In the digital age, it can be tempting to believe that where you live no longer matters in relation to what you buy. And it can be easy for non-local businesses to discount localized information. After all, it shouldn’t matter where you customers live because they can always buy your product online, right? And with online shopping continuing to expand its reach from clothing to electronics to paper towels, geographic relevance appears to be taking a backseat.
But where your customers live is still relevant to their purchasing habits, regardless of the size and location of your business; just look at Netflix for proof. The digital streaming giant has made headlines in recent years for its massive spending on original content, with the bill totaling more than $10 billion in a 12-month period. But its investment in original content has begun to pay off, especially as networks develop their own streaming platforms that could eventually control a bulk of the content that Netflix currently hosts.

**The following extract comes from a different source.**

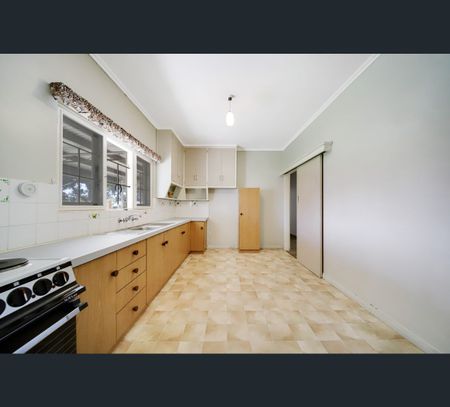 36 Minchinbury Terrace, Marion, SA 5043 - Photo 2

How Netflix is utilizing geographic segmentation and coming out ahead
A study conducted by InMyArea in conjunction with Netflix tracked the most popular Netflix shows by state over time. In 2013, when Netflix released some of its first original shows, including “House of Cards” and “Orange is the New Black,” only 19.6 percent of states had a Netflix original show in the most-viewed slot. But by 2018, the most-watched show in 48 states (96.1 percent) was a Netflix original. That’s a remarkable number, considering that only 8 percent of the site’s content is original.
Netflix doesn’t have to lobby for viewers on a state-by-state basis, but by understanding customer behavior and viewing habits, it can more accurately cater to the dominant viewing culture in each state. For Netflix, geographic segmentation might actually be key to the platform’s success, and by understanding the variety of demographics in each state, the brand can better create shows that represent viewers’ reality.

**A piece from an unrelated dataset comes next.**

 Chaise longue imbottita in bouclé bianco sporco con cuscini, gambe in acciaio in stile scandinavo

Why geographic segmentation remains vital to your industry
Geographic segmentation allows your company to adapt to the varying needs and wants of customers in different locations. Not all of your customers are the same; your marketing shouldn’t be, either. Keep these tips in mind:
1. Meet your customers where they are.
Your customers’ perspectives don’t remain the same over time, so what you offer shouldn’t stay static, either. Geographic segmentation can help businesses differentiate their strategies based on regional and cultural preferences. How we structure our days, what we eat, and even what our homes look like can be drastically different based on where we live. This is important for national and international companies to remember, especially if they’re opening a location in a new region or country.
Starbucks utilized this geographic specification when it expanded into China; it took the time to create products and an atmosphere that would feel like home for Chinese residents. The stores featured a variety of teas and regional foods that catered to the region’s existing tastes. Unlike the grab-and-go atmosphere in the U.S., coffee and tea shops in China aim to be a destination that offers a tranquility to the beverage connoisseur. That’s why the stores were larger than what a U.S. customer might be used to and offered more seating space.

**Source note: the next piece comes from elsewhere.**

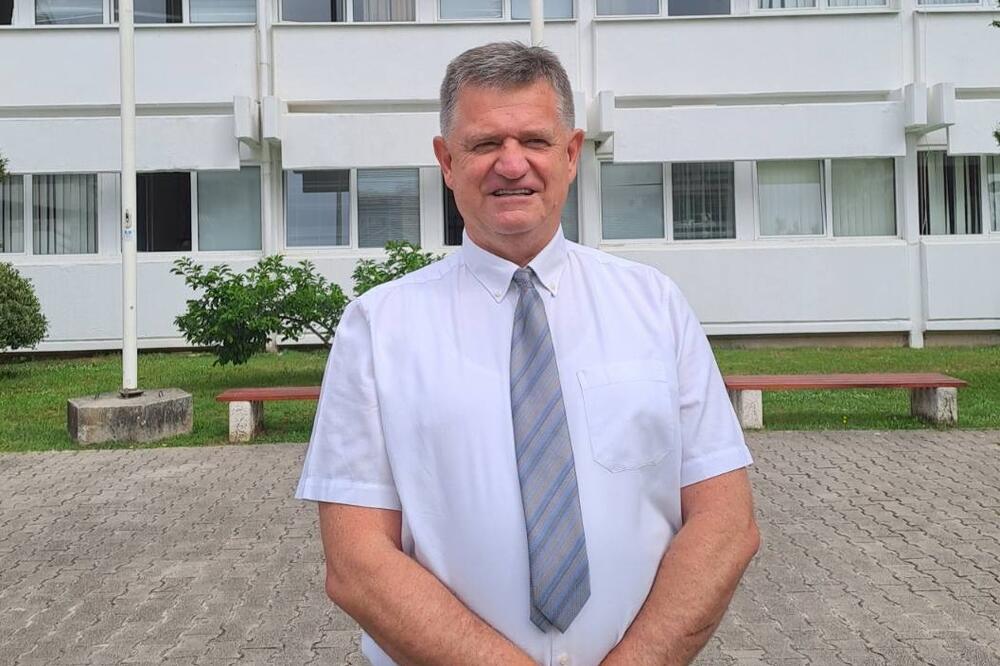 Vujičić, Foto: Dr Vujičić Božidar - Za stvarne promjene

2. Sell seasonally smart products.
Seasonal variations and weather can seriously impact customer behavior and need to be taken into account. Simple seasonal changes can be catastrophic for a company that isn’t utilizing geographic segmentation. What your customers wear throughout the year will change drastically based on where they live. It’s why clothing and apparel companies still utilize geographic segmentation to target customers buying bikinis in California, while those living in New York might be searching for parkas.
Weather patterns can even affect the purchase price that customers are willing to pay for certain products. A Canadian study found that sunnier weather tended to increase both consumption levels and the price spent per item. Sunshine led to a willingness to pay more for items like green tea or gym memberships, while cloudy weather made consumers willing to spend more on products like tobacco, alcohol, and coffee.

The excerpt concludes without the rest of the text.